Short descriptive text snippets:
*** Block opens ***

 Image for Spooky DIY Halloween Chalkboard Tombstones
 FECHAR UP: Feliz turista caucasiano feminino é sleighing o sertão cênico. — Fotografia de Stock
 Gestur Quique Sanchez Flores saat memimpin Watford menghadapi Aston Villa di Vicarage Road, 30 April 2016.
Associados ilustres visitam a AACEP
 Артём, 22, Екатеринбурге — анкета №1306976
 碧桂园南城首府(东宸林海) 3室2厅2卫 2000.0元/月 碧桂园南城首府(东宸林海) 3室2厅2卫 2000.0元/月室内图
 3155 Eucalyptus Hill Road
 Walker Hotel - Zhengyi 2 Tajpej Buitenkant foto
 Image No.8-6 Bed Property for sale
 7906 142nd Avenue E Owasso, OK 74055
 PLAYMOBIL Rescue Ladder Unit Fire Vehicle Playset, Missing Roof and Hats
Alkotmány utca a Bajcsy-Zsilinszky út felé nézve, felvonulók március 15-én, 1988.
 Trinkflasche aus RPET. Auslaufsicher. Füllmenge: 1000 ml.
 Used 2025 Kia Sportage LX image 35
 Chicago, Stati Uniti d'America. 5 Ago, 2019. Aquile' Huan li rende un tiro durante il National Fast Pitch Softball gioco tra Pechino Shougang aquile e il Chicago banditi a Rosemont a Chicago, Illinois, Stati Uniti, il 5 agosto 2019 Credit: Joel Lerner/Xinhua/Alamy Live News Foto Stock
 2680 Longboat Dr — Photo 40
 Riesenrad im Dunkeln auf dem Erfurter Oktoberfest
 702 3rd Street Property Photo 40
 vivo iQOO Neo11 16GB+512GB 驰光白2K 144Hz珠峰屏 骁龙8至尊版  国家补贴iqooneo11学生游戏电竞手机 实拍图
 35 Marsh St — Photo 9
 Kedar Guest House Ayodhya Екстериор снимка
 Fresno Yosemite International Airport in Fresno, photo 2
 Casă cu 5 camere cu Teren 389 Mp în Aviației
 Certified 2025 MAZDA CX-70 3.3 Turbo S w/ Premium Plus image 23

*** Block closes ***

REQUIRED ACTION:
With "Stock" as the word to match, copy each line of the records that has it.

SOLUTION TO THIS TASK:
 FECHAR UP: Feliz turista caucasiano feminino é sleighing o sertão cênico. — Fotografia de Stock
 Chicago, Stati Uniti d'America. 5 Ago, 2019. Aquile' Huan li rende un tiro durante il National Fast Pitch Softball gioco tra Pechino Shougang aquile e il Chicago banditi a Rosemont a Chicago, Illinois, Stati Uniti, il 5 agosto 2019 Credit: Joel Lerner/Xinhua/Alamy Live News Foto Stock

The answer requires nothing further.